**TASK BRIEF:** An exact copy of the data is needed, but without any of its images.

**SOURCE DATA:**
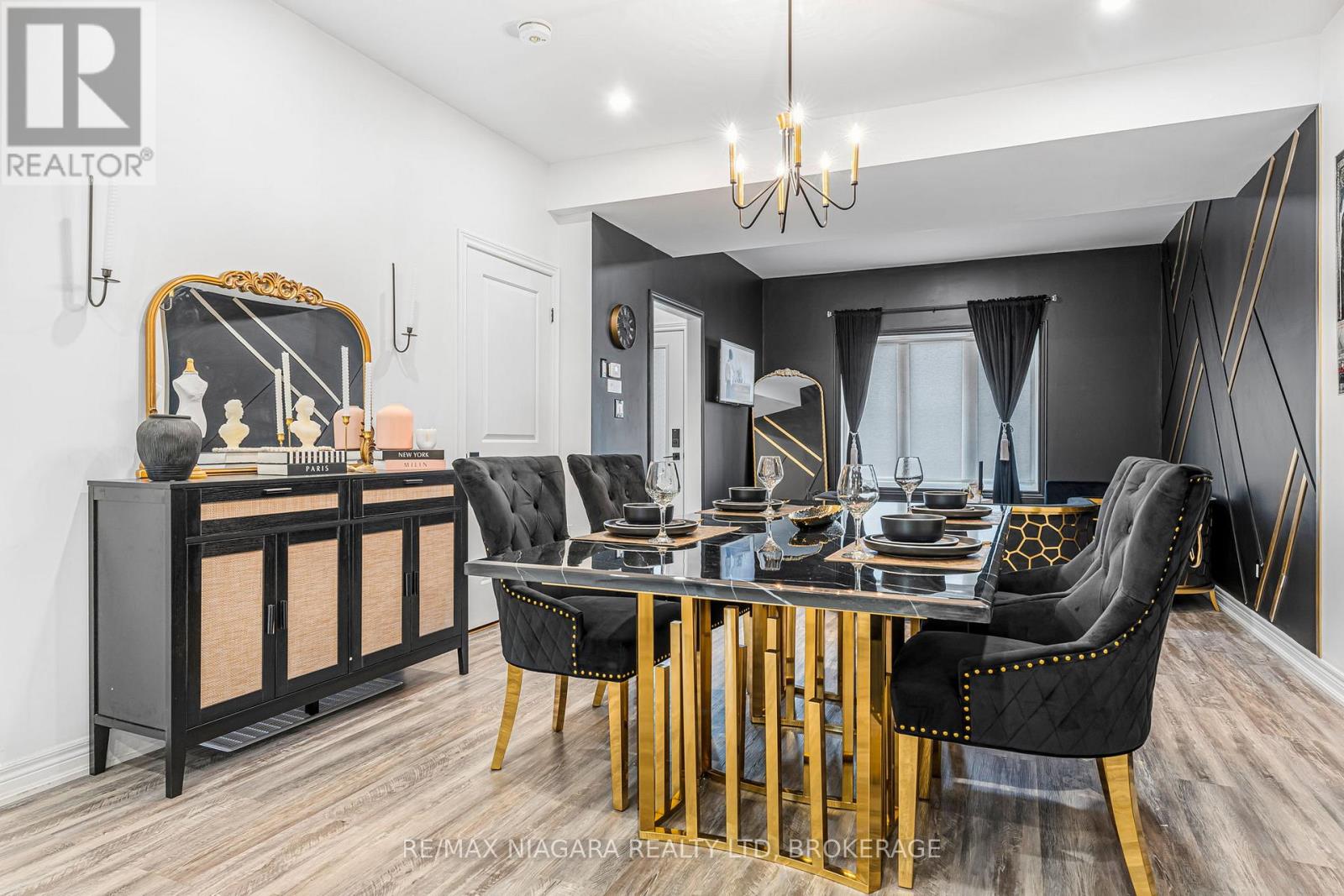 2 Upper - 8196 Mcleod Road, Niagara Falls, Ontario  L2H 3N3 - Photo 12 - X12395696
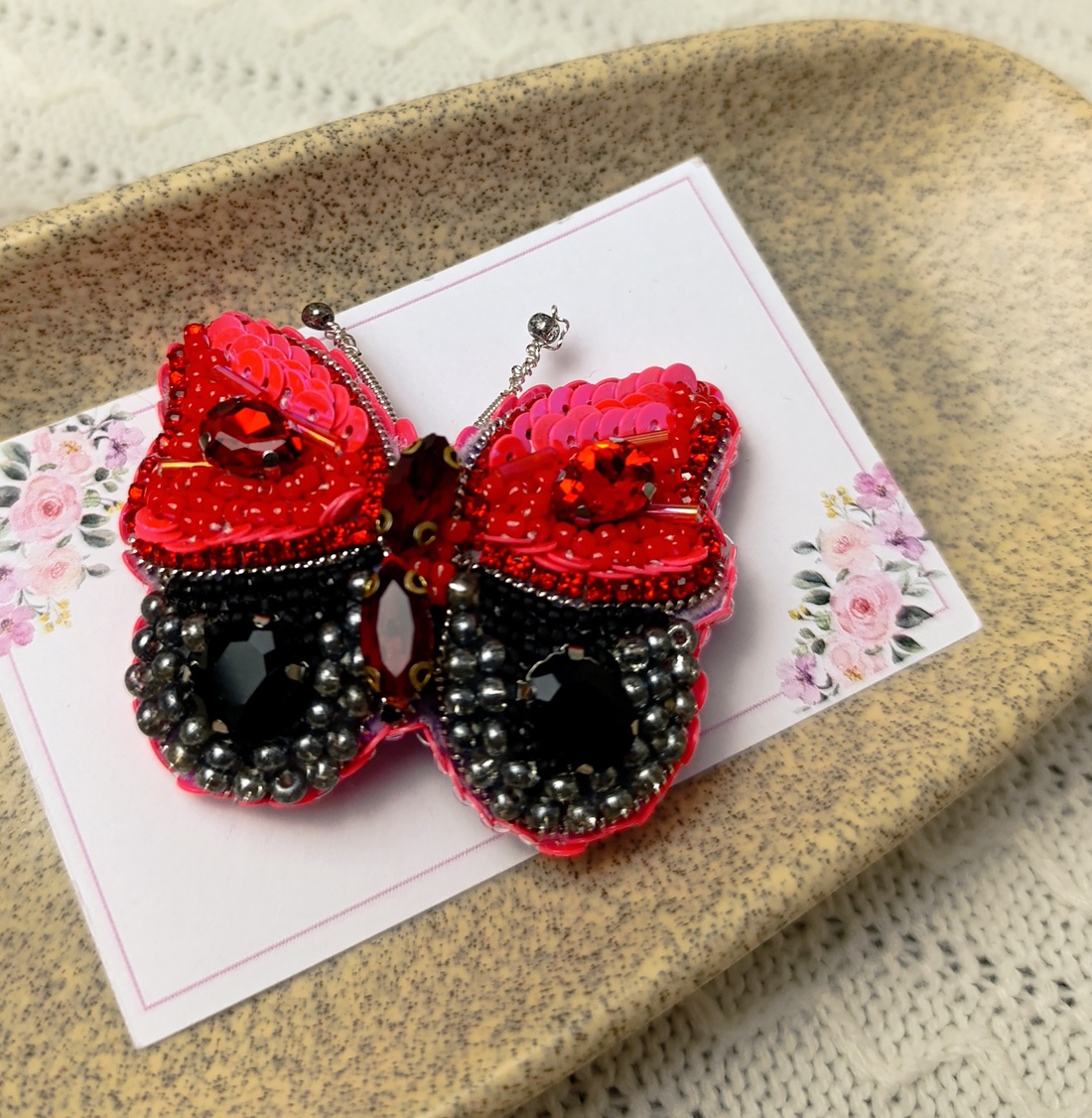 Broșă fluture  - bijuterii - mărțișor - Artynos.ro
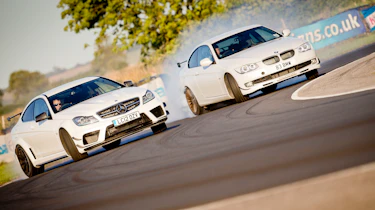 eCoty Mercedes C63 AMG Black vs Alpina B3 GT3 video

**RESULT OF THIS EXERCISE:**
 2 Upper - 8196 Mcleod Road, Niagara Falls, Ontario  L2H 3N3 - Photo 12 - X12395696
 Broșă fluture  - bijuterii - mărțișor - Artynos.ro
 eCoty Mercedes C63 AMG Black vs Alpina B3 GT3 video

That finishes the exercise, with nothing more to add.